Les mécanismes de contamination
Incidence
Les infections représentent la principale complication liée à la mise en place d’un CVC [4] et la troisième cause d’infection nosocomiale en réanimation après les infections urinaires et les pneumonies [5,6]. Dans notre étude portant sur 65 cathéters, 9 ont été infectés. Ce qui correspond à une incidence moyenne d’environ 13,9 %. Ce chiffre est élevé si on le compare aux données de la littérature où l’incidence varie de 5 à 10% [1]. Quant à la densité d’incidence des ILC, elle varie de 0.3 à 30 pour 1000 journées-cathéter, et elle est de l’ordre de 26,04 pour 1000 journées-cathéters dans notre série. Les deux grands réseaux français qui surveillent les infections de cathéter (le C-Clin Paris-Nord et le C-Clin Sud-Est) ont des densités d’incidence tout à fait comparables, ils utilisent la même méthodologie de recueil et pratiquement les mêmes définitions (1,83 pour 1000 journées cathéters pour les infections non bactériémiques et 1 pour 1000 journées cathéters pour les bactériémies). Par contre, les taux américains de densité d’incidence des bactériémies liées aux ILC sont très différents de ces chiffres, quatre à cinq fois supérieurs à ceux qu’on obtient dans les réseaux de surveillance européens [7]. Cette dispersion est la conséquence de définitions cliniques disparates et de méthodes diagnostiques variées appliquées à des patients de nature et de gravité fort diverses [6].
Physiopathologie
Trois sources potentielles peuvent entrainer une colonisation de l’extrémité endovasculaire d’un cathéter (figure n°3). La contamination du cathéter par voie cutanée est la plus fréquente (contamination extraluminale), et prédomine pour les cathéters de courte durée (moins de 10-20 jours) [1]. Elle survient soit lors de la pose et alors évitable par une asepsie rigoureuse, ou lors de la colonisation secondaire du site d’insertion par migration des germes le long du trajet souscutané du cathéter au niveau de sa surface externe.
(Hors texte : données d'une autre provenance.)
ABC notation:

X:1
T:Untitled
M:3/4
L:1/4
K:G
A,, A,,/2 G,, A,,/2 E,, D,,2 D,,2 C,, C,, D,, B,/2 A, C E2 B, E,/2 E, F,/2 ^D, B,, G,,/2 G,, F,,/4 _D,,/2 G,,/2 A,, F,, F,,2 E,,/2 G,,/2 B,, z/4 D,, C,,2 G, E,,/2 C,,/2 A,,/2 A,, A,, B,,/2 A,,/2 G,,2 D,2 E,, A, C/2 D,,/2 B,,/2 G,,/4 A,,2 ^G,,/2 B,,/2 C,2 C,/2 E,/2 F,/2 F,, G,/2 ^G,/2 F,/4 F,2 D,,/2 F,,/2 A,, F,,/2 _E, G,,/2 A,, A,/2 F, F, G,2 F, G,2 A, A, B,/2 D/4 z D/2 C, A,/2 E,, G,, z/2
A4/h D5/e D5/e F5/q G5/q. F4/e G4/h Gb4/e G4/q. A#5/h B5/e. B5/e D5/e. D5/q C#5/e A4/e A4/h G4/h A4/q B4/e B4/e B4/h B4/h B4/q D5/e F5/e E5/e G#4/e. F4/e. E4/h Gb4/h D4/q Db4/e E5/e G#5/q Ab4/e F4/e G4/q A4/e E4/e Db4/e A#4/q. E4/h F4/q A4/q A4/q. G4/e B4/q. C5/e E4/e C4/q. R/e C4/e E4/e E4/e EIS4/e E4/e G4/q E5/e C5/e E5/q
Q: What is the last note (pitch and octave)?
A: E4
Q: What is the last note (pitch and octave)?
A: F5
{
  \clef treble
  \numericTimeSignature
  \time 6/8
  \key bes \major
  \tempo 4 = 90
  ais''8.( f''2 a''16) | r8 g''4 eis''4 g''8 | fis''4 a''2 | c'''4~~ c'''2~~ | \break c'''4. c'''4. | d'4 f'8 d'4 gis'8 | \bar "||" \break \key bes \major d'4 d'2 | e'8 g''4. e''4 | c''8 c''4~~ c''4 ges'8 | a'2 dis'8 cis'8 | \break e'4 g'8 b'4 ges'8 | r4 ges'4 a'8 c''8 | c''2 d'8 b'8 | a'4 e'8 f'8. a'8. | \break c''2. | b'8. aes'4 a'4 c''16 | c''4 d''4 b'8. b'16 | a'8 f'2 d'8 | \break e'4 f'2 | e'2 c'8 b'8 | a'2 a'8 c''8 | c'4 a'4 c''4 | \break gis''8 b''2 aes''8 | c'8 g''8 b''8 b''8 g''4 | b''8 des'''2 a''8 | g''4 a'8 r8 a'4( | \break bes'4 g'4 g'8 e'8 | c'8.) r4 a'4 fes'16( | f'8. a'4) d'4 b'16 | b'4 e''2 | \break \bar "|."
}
La contamination endoluminale des cathéters peut être secondaire aux manipulations septiques des raccords par les mains du personnel soignant. A partir du raccord, les microorganismes migrent le long de la surface interne du cathéter jusque dans sa portion intra vasculaire. La colonisation du cathéter liée à la perfusion de liquides contaminés est exceptionnelle. La contamination endoluminale devient prépondérante pour les cathéters laissés en place plus de plus de trois semaines (nutrition parentérale, oncohématologie) [1]. Enfin la contamination par voie hématogène à l’occasion d’une bactériémie est rare. Figure 3 : Mécanismes de colonisation impliqués dans la pathogénèse d’une ILC. La colonisation des surfaces externe (A) et interne (B) comprend la colonisation de la peau au site d’insertion, et des réseaux qui sont branchés au cathéter. Les autres mécanismes sont liés à la colonisation des produits perfusés ou injectés (C) et par la voie hématogène (D) [8].
Germes en cause
Les germes responsables d’infection sur cathéter sont multiples mais dominés par les bactéries à Gram positif [3]. Il s’agit le plus souvent de staphylocoques à coagulase négative dont Staphylococcus epidermidis est le plus fréquemment rencontré [1]. Ce germe est responsable de 10 à 30% des épisodes bactériémiques ayant pour origine le cathéter. Staphylococcus epidermidis provient essentiellement de la peau et du connecteur reliant la tubulure de perfusion au cathéter. D’autres bactéries à Gram positif peuvent également infecter le cathéter. Staphylococcus aureus est responsable d’environ 10% des ILC, et provient généralement d’un foyer de voisinage [9,10]. Dans notre série, Staphylococcus aureus était responsable d’ILC dans 2 cas (22,3 %), alors que Staphylococcus epidermidis ne l’était que dans 1 seul cas (11,2%). Pour Raad et al, une bactériémie due à un germe d’origine cutanée (staphylocoque à coagulase négative, Corynébactérie, Bacillus …) ou à Staphylococcus aureus est un critère majeur pour attribuer cette bactériémie à une ILC, en l’absence d’autre foyer infectieux [1].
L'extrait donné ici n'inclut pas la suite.